-- Exercise goal --
Omit the images and reproduce the rest of the entries exactly.

** Opening Entries provided block **

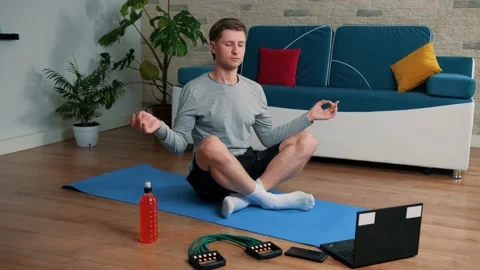 Young guy meditating in lotus pose on exercise mat at home. Stock Footage 144615442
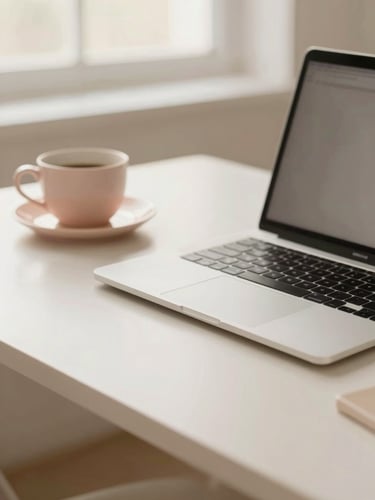An elegant, minimalist desk with high-end stationery, a sleek laptop, and a ceramic cup in soft morning window light, cream and blush tones, shallow depth of field.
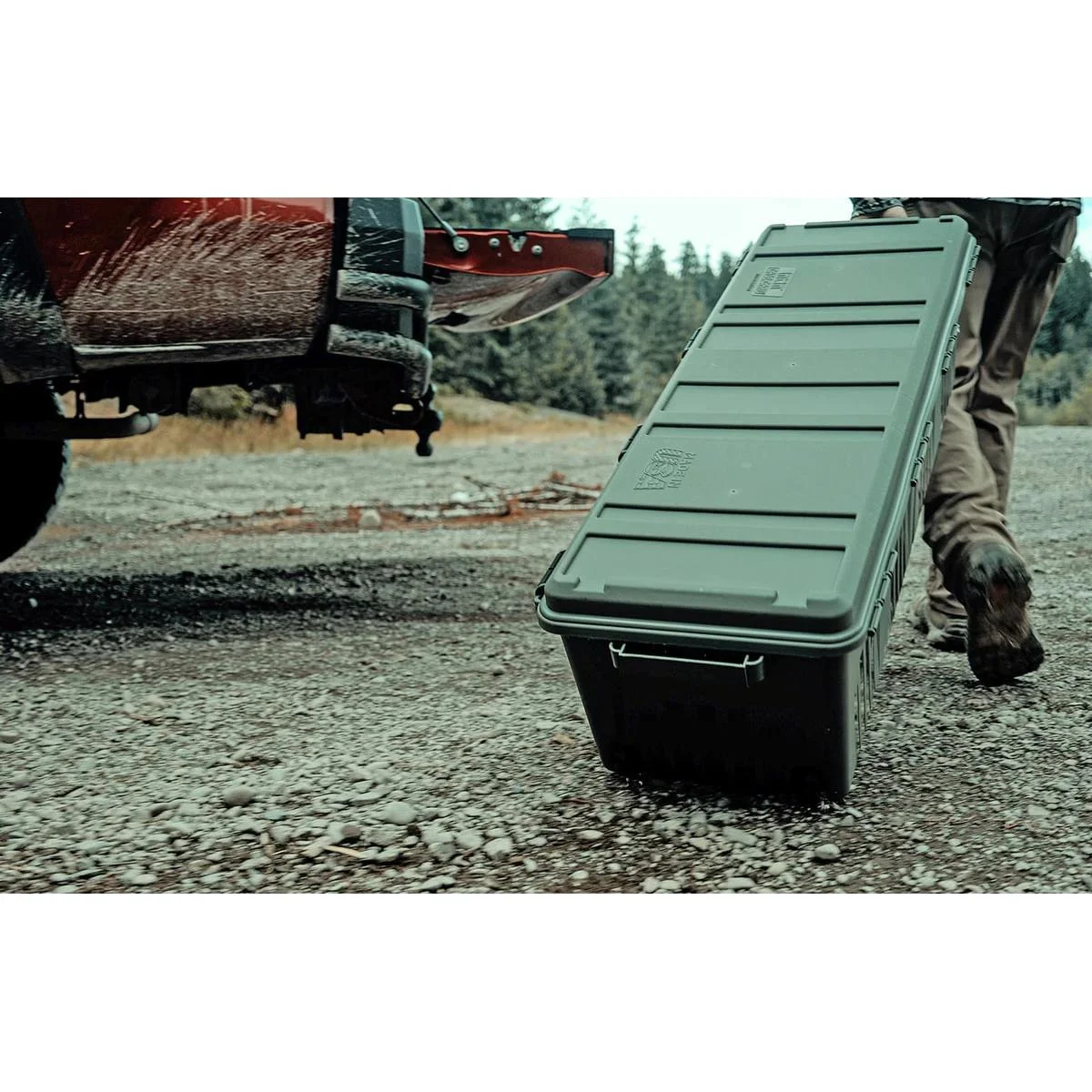 primary-23605 MTM The Mule Mobile Gear Crate, army green wheeled crate being pulled outdoors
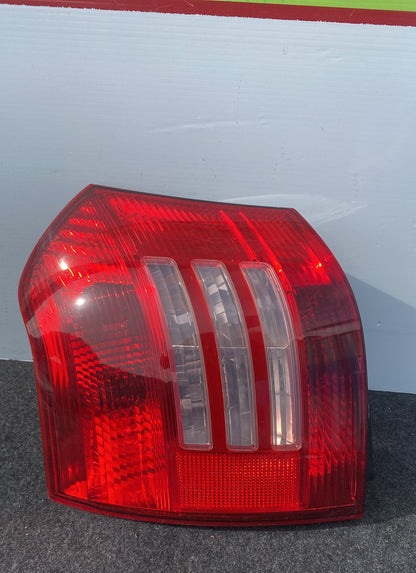 2004 Used Toyota Corolla Runx ZZE122 - Left Taillight PN: Koito 13-77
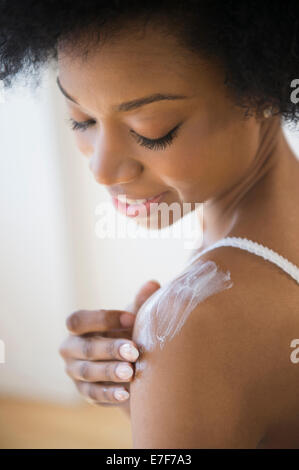 Afrikanische amerikanische Frau, die Anwendung der Feuchtigkeitscreme Stockfoto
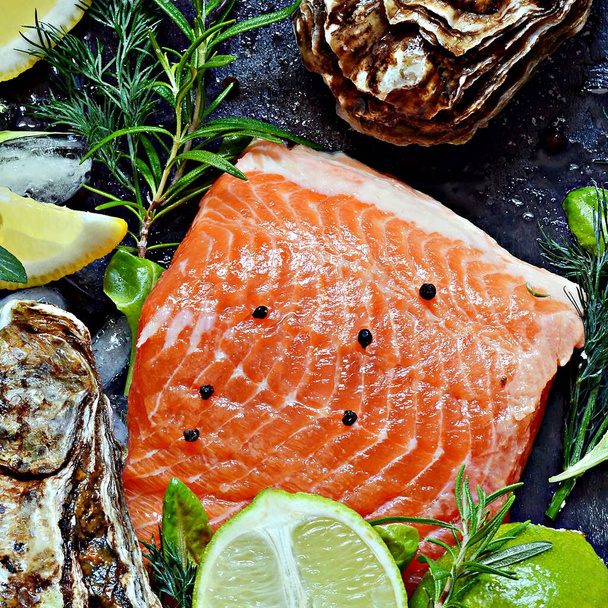 Fresh red salmon (trout) fish steak with fresh oysters, herbs, lemon and lime. Raw fresh seafood flatly, citrus and spices on a dark background. - Фото, изображение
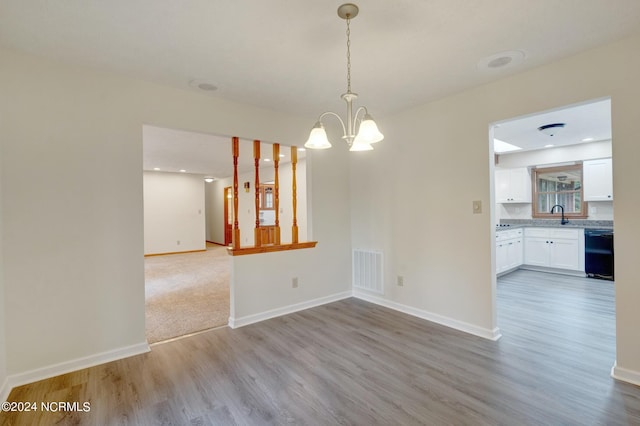 spare room featuring a notable chandelier, sink, and wood-type flooring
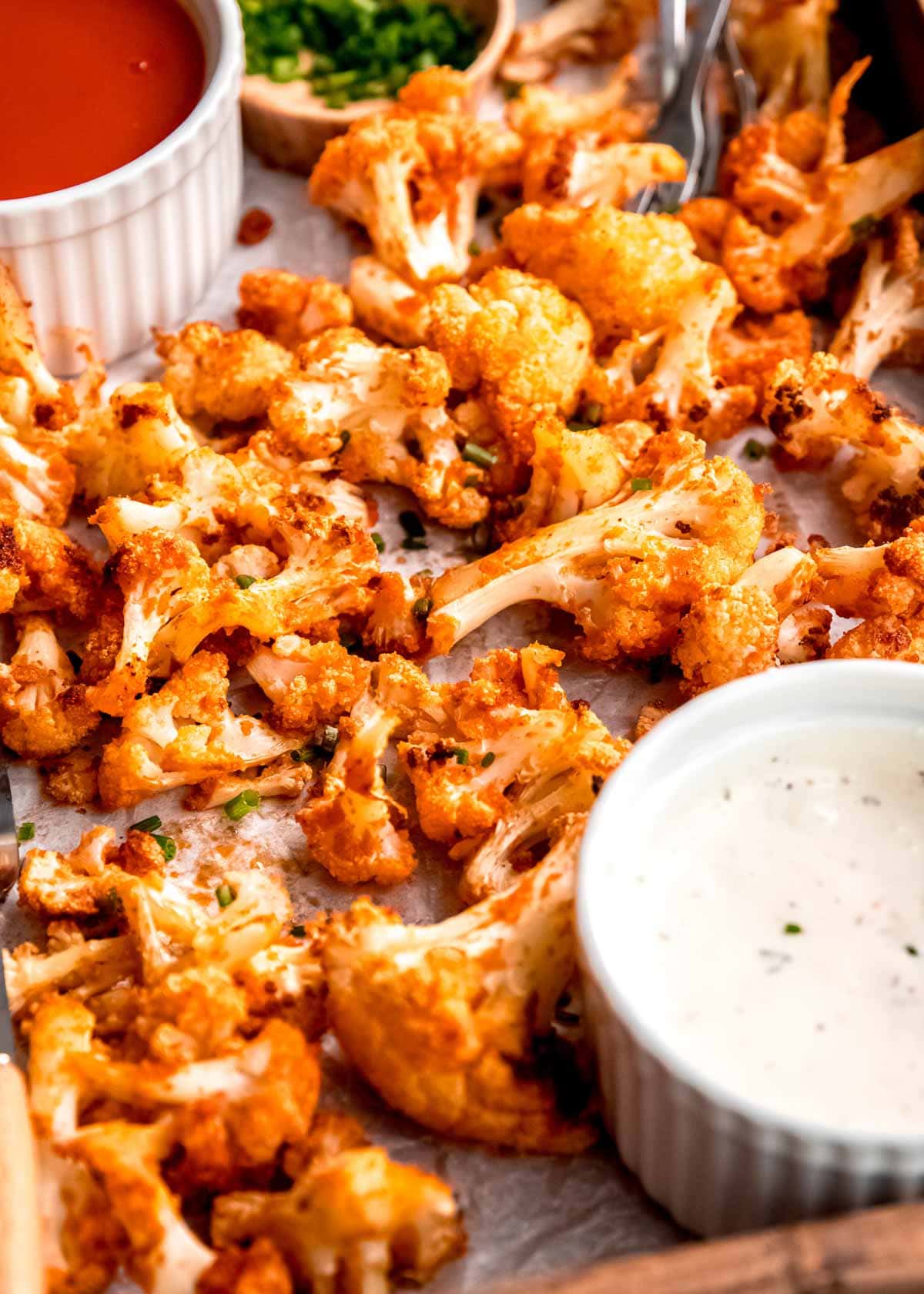 a side view of roasted buffalo cauliflower on a pan with ramekins with buffalo sauce and blue cheese dressing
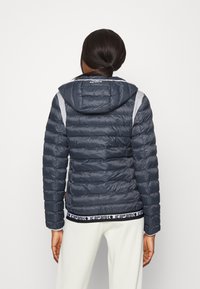 Dunkelblaues Puffer-Jackett mit Kapuze, mit gestepptem Design, gerippten Bündchen und einem schwarz-weißen Logo-Gummibund.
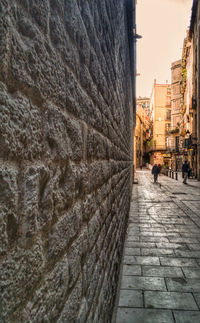 People walking on footpath amidst buildings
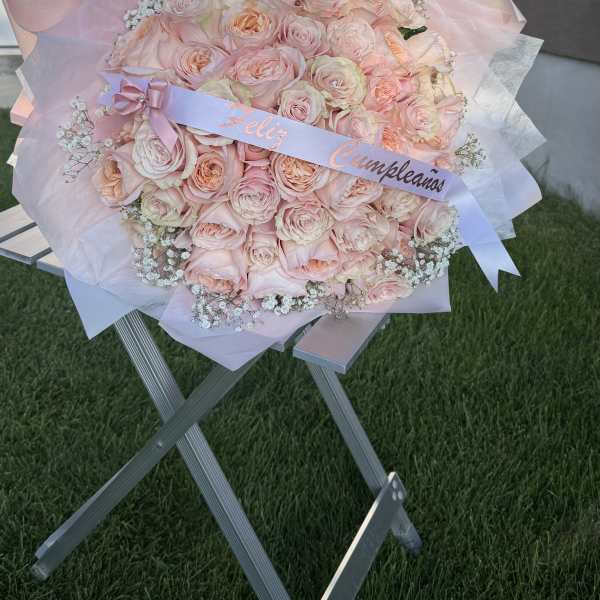 Large bouquet of pale pink roses wrapped in pink paper with a ribbon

** Closing Entries provided block **

-- Answer --
 Young guy meditating in lotus pose on exercise mat at home. Stock Footage 144615442
An elegant, minimalist desk with high-end stationery, a sleek laptop, and a ceramic cup in soft morning window light, cream and blush tones, shallow depth of field.
 primary-23605 MTM The Mule Mobile Gear Crate, army green wheeled crate being pulled outdoors
 2004 Used Toyota Corolla Runx ZZE122 - Left Taillight PN: Koito 13-77
 Afrikanische amerikanische Frau, die Anwendung der Feuchtigkeitscreme Stockfoto
 Fresh red salmon (trout) fish steak with fresh oysters, herbs, lemon and lime. Raw fresh seafood flatly, citrus and spices on a dark background. - Фото, изображение
 spare room featuring a notable chandelier, sink, and wood-type flooring
 a side view of roasted buffalo cauliflower on a pan with ramekins with buffalo sauce and blue cheese dressing
 Dunkelblaues Puffer-Jackett mit Kapuze, mit gestepptem Design, gerippten Bündchen und einem schwarz-weißen Logo-Gummibund.
 People walking on footpath amidst buildings
 Large bouquet of pale pink roses wrapped in pink paper with a ribbon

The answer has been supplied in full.